Specialized and sector funds performed the worst out of any other categories, said Martin Weiss, chairman of Weiss Ratings. Indeed, 100% of the 89 utility funds tracked by Weiss had an average –21.3% return. Technology funds didn’t fare much better, with 274 out of 278, or 99%, reporting an average return of -36.11%. Aggressive growth funds were the third worst sector, with 243 out 265 funds reporting an average return of –23.26%

"These results confirm that even professional mutual fund managers can’t protect investors from losses in a broad market decline," Weiss said, in a statement.

The bottom three funds for 2001 included ProFunds’ Internet UltraSector Services Fund, which returned –76.94% for the year. It was followed by the Berkshire Focus Fund and the Berkshire Technology Fund which posted one-year returns of –72.17% and –71.68%, respectively.

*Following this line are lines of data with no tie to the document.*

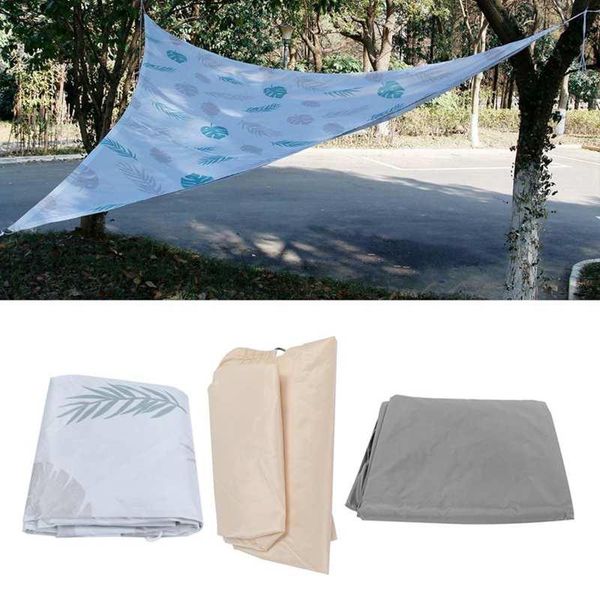 

shade 5x5x5m oxford cloth sunshade equilateral triangular sail portable rainproof for outdoor garden summer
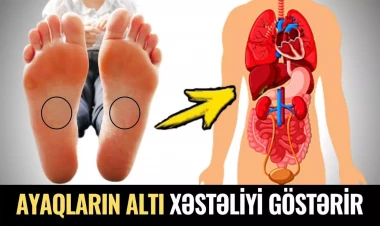 Ayaqların Altına Baxın! - 10 Saniyədə xəstəliyiniz bilinəcək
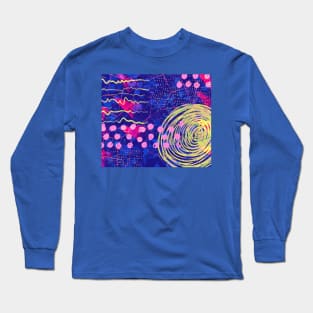 Pop Abstract Long Sleeve T-Shirt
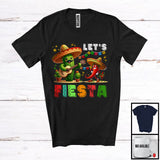 MacnyStore - Let's Fiesta, Joyful Cinco De Mayo Chili Cactus Playing Guitar, Proud Mexican Sombrero T-Shirt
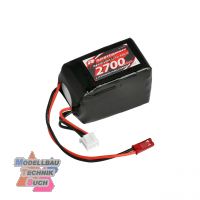 R05202#Robitronic LiPo Akku 2700mAh 2S 2/3A Hump Size Empf�ngerp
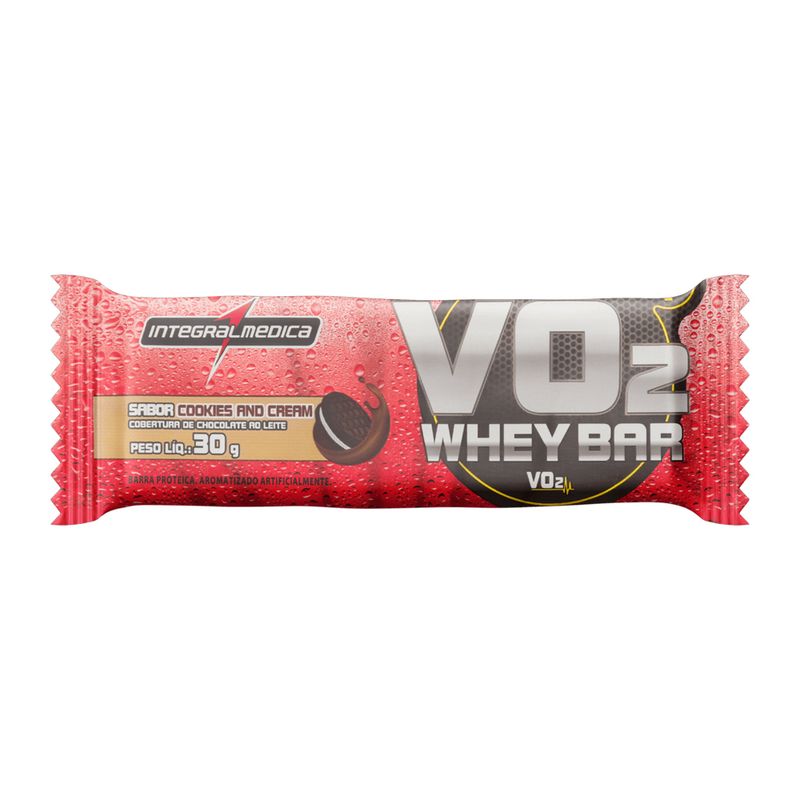 Barra de Cereal Integralmédica VO2 Whey Bar Cookies N Cream 30g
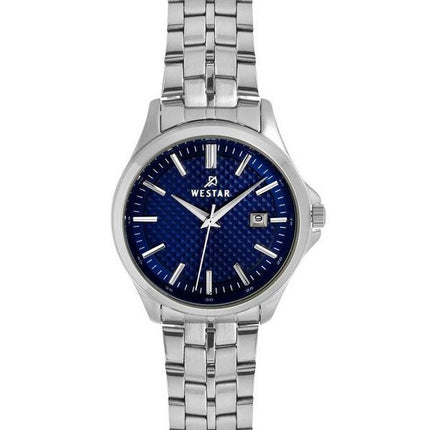 Westar Profile Stainless Steel Blue Dial Quartz 40202STN104 Women's Watch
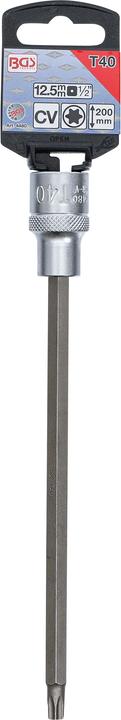 Actual product image BGS Bit Socket length 200 mm 12.5 mm (1/2") Drive T-Star (for Torx) T40 (T40)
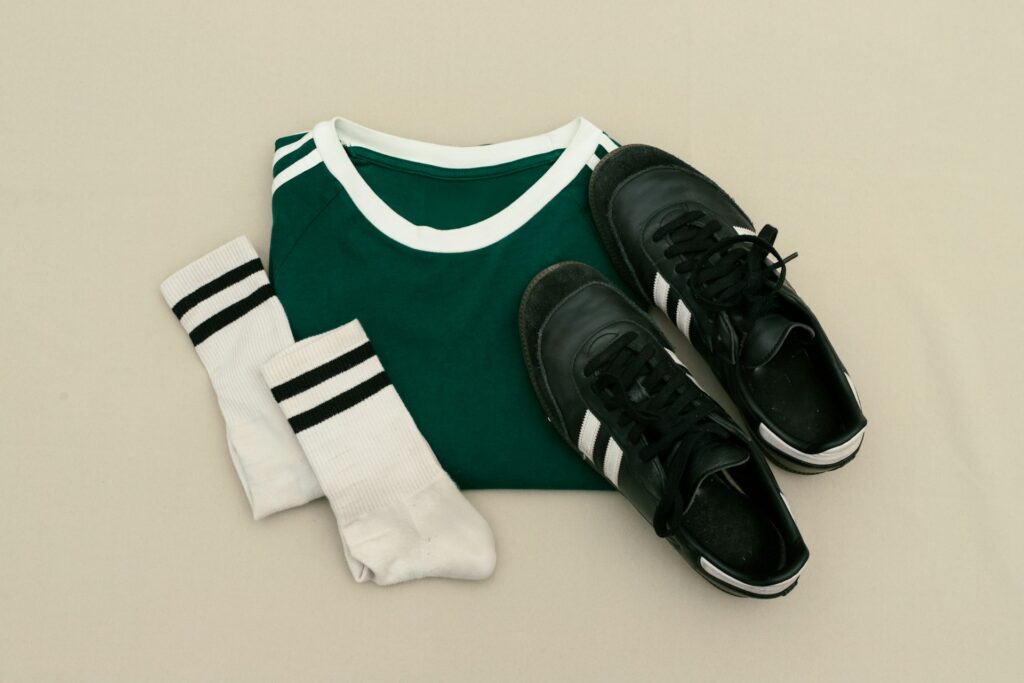 Green football shirt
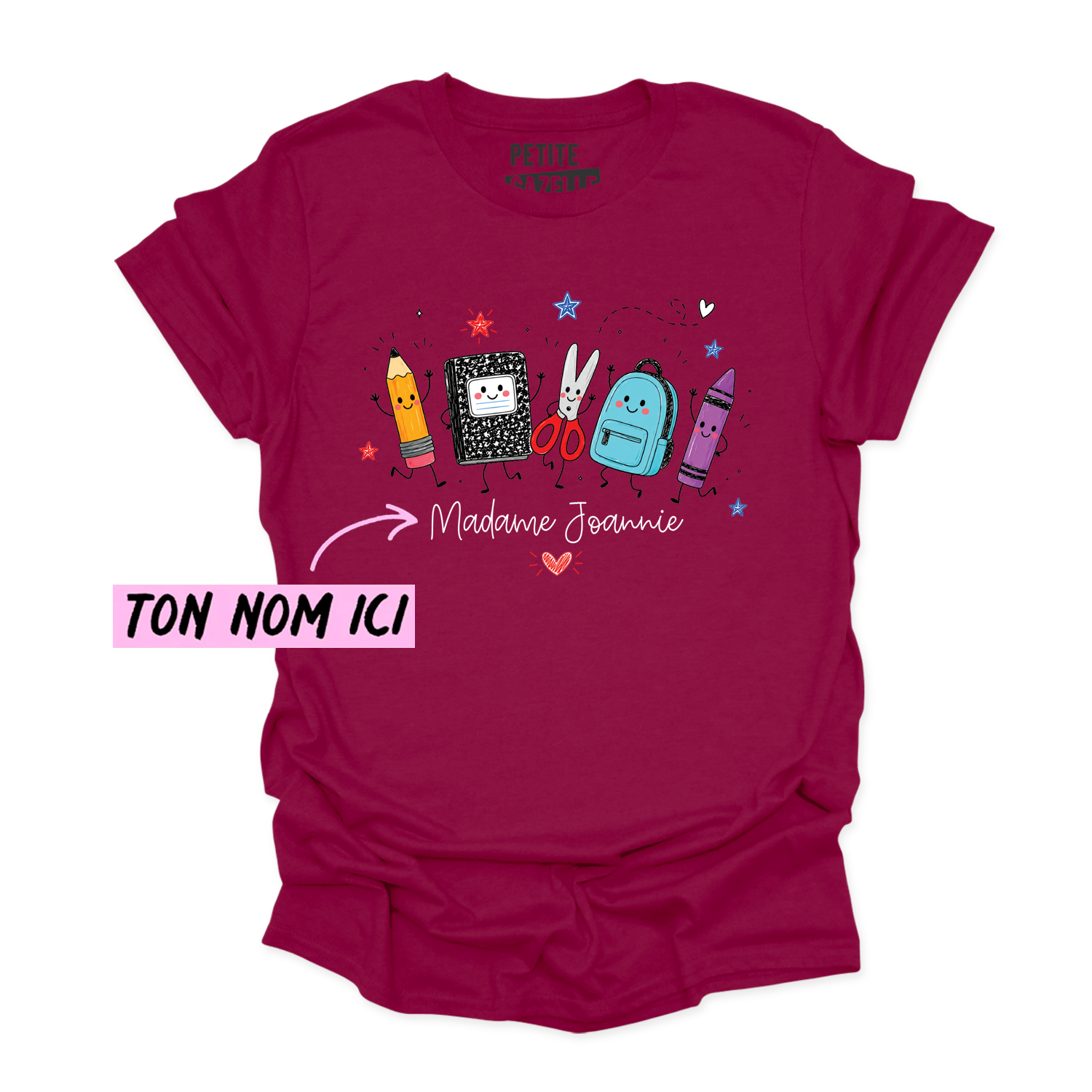 T-SHIRT COL ROND | Madame Fournitures Scolaires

On the flip side, 95% of bond funds posted an average return of 4.86% in 2001, down from 2000’s average of 7.68%. The best performing bond funds out of the 4,235 tracked by Weiss included the Pimco Emerging Markets Bond Administration Fund, the Pioneer High Yield Fund and the TCW Galileo Emerging Market Income Fund, which posted one-year returns of 27.83%, 16.74% and 16.24%, respectively.

The only equity fund categories tracked by Weiss that managed to perform well last year include precious metal funds, which had an average one-year return of 19.3% and real estate with 8.95%.